Ayşe Emel Mesci

12 Eylül’den niye kurtulamıyoruz?

14 Eylül 2015 Pazartesi

Linç kültürünün sanki arada hiçbir şey yaşanmamışçasına yeniden ve aynı kolaylıkla gündeme sokulabilmesi sadece demokrasiyi savunan kesimlerin güçsüzlüğüyle, çatışma ortamlarında kaba kuvvetin öne çıkmasıyla izah edilebilir mi?

Her türlü anti-demokratik uygulama, en temel insan haklarının rahatça çiğnenmesi ve bu alanda tam bir cezasızlığın hüküm sürmesi, hatta göstere göstere yapılan kanunsuzluklar karşısında toplumların önemli kesimlerinin sessiz ve duyarsız kalması sadece gücü elinde bulunduranların yaptıkları ve yapabileceklerini hissettirdikleri baskılarla, yani korku ve tehditle açıklanabilir mi?
Linç kültürünün sanki arada hiçbir şey yaşanmamışçasına yeniden ve aynı kolaylıkla gündeme sokulabilmesi sadece demokrasiyi savunan kesimlerin güçsüzlüğüyle, çatışma ortamlarında kaba kuvvetin öne çıkmasıyla izah edilebilir mi?
Bence bu durumu tek başına güncel koşullarla, siyasal nedenlerle ilişkilendirmek yetersiz kalıyor, konunun ciddi tarihsel ve kültürel kökleri olması gerekiyor.

Kulluktan yurttaşlığa
Cumhuriyetin sıkça kullanılan temel tanımlarından biri, kulluktan yurttaşlığa geçiştir.
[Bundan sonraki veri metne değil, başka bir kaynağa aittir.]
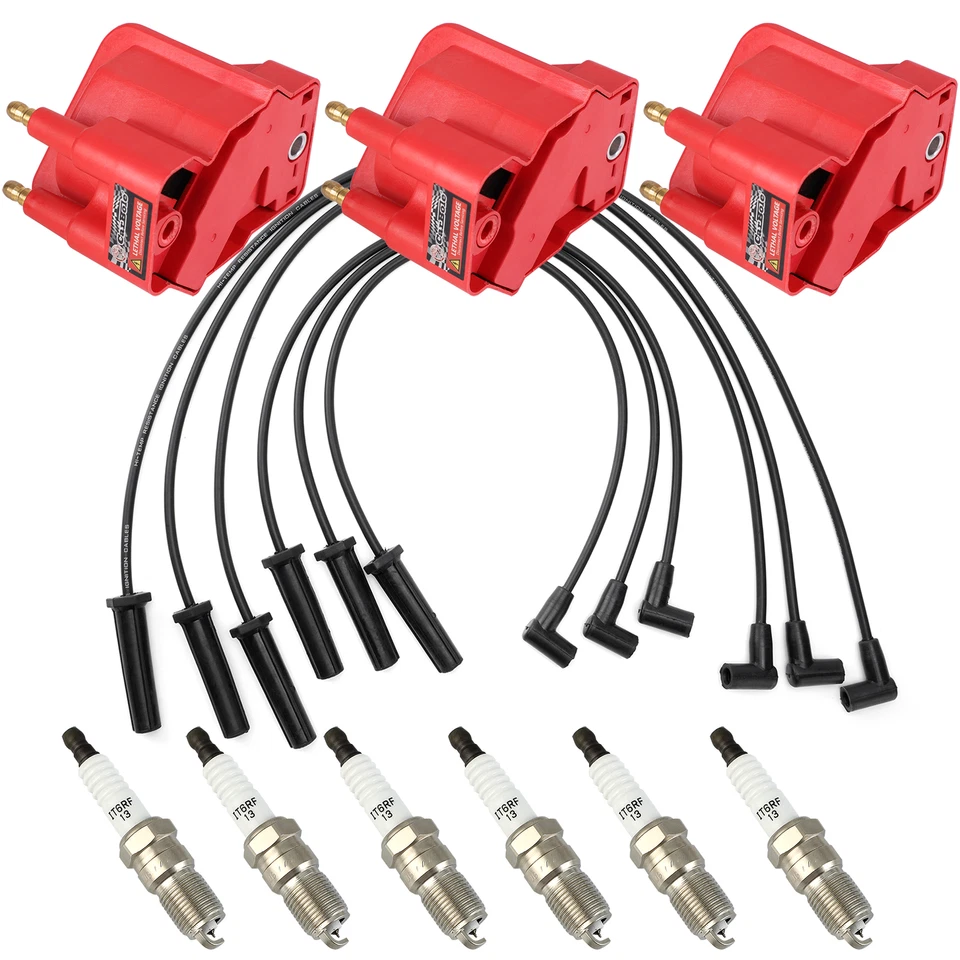 3 Ignition Coil DR39 &6 Spark Plug & Wire For 2000 2002-04 Chevrolet Impala 3.8L - Image 2 of 4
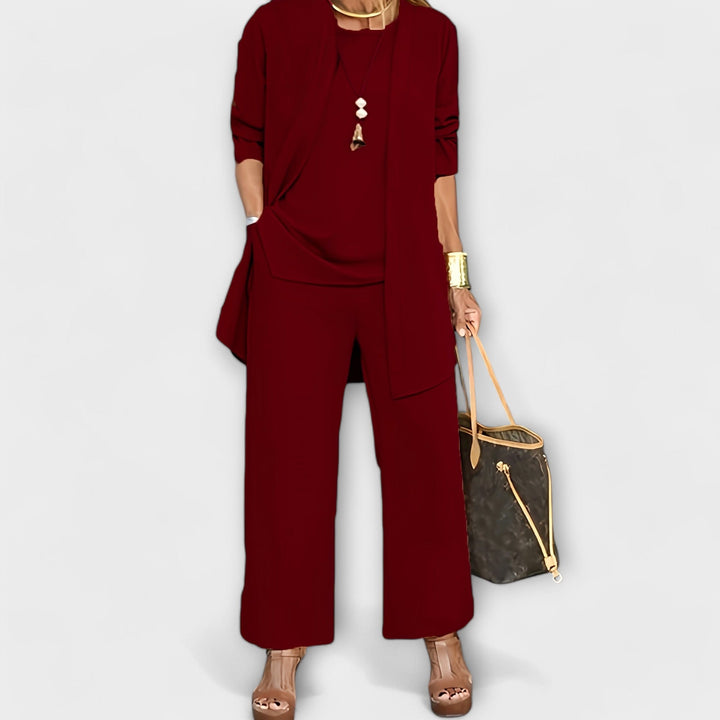 Women’s Sophisticated Three-Piece Set with Cardigan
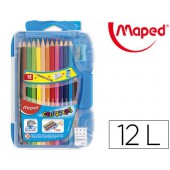 Lapis de cores maped color peps de 12 cores com borracha e apara lapis caixa inteligente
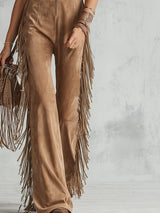 Retro Western-style Light Brown Faux Suede Fringes Jumpsuit
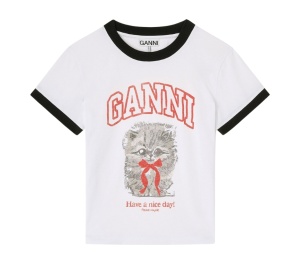 Buy Ganni Cropped Kitty T-shirt White at Sasom – Authentic and Ready to Ship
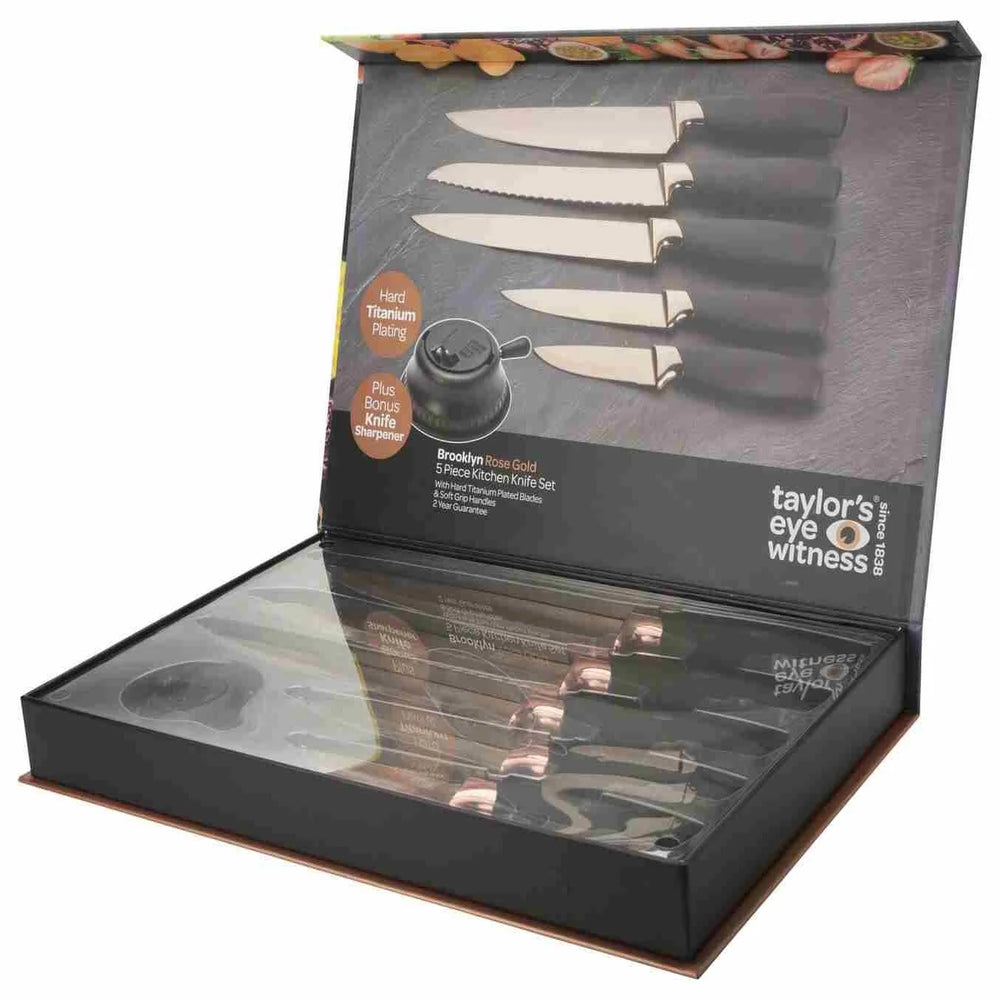 Set of knives in a Taylor's Eye Witness packaging on a white background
Cemaat parçalanmasının, her türlü alt kültürün, farklı nitelikte bağımlılık ilişkilerinin üzerine çıkan ve onları da dönüştüren modern bir aidiyeti ifade eden bu geçiş, çok önemli birkaç kavramı da beraberinde getirir: Özgürleşme, birey olma, toplumsal sorumluluk taşıma.
Özgürleşme; eski toplumsal, ekonomik, coğrafi vb. bağlardan kurtulmayı olduğu kadar bir fırsatlar çoğulluğuna ulaşmayı, yani görece eşitleşmeyi de kapsar (veya kapsamalıdır). Birey olma, kerameti kendinden menkûl bir pirin eteğinin dibinde müritlikten kurtulup, çok daha geniş bir toplumsal ve yasal çerçeve içinde kendi özgür iradesini kullanma hakkını olduğu kadar, her türlü otorite karşısında sorgulamaya dayalı “itaatsizlik hakkını ve sorumluluğu”nu da gündeme getirir (veya getirmelidir).
Toplumsal sorumluluk ise, özgürleşmiş bireylerin atomlaştırdığı bir dokuyu yadsıyarak, insanların toplumlarına ve gezegenlerine sahip çıkmanın yollarını arayıp buldukları, dayanışma ve paylaşmayı unutmadıkları bir varoluş tarzının en önemli yapıtaşını oluşturur (veya oluşturmalıdır).
Cumhuriyet bunları güvence altına alabilmişse söz konusu geçişi başarıya ulaştırmış sayılabilir. Bu güvencenin en önemli mihenk taşı da eğitim sistemidir.
Eğitim sistemimizin bütününe, üstelik sadece son dönem itibarıyla değil, epey uzun bir geçmişle birlikte bakıldığında, bu kavramların ülkemizde pek yaşam hakkı bulamamasına şaşırmaya gerek kalmıyor. Bu konudaki tek gerçek ve farklı örnek sayılabilecek Köy Enstitülerini de elbirliğiyle silip süpürmüşüz zaten.

Makus talihimiz
Konu, sadece devletle, siyasi iktidarlarla ve onların toplumla kurdukları/ kurmaya çalıştıkları ilişkilerle sınırlı olsaydı, emin olun 12 Eylül faşizminin izleri çoktan silinmiş, sorumluları çoktan adalet önünde hesap vermiş, 12 Eylül darbesi bir yakın tarih malzemesi haline indirgenmiş olurdu. Ama olmadı. Sadece siyasi nedenlerle açıklanamayacak kadar geniş ve derin bir toplumsal ve kültürel sorun söz konusu çünkü. Kullaşma/ kullaştırma toplumun en küçük gözeneklerine, birimlerine kadar yeniden üretilip gündelik yaşamın parçası haline getirilen bir makus talih gibi... İnsanlar sadece devletle ilişkilerinde değil, her alanda bu sürece hem maruz kalıyor hem de onu yeniden üretiyorlar.
Yetkiyi eline geçiren hiç kimse karşısında özgür, sorgulayan, karşı çıkan bireyler istemiyor. Böyleleri ortaya çıktığında da bir şekilde “günah keçisi” haline getiriliyor, sürü tarafından dışlanıyor, sadece tepedekiler/ karşı çıktıkları tarafından değil, aynı yerde durduklarını sandıkları tarafından da hizaya sokulmak isteniyorlar.
35. yılına geldik, 12 Eylül’den biraz da bu nedenle kurtulamıyoruz bir türlü.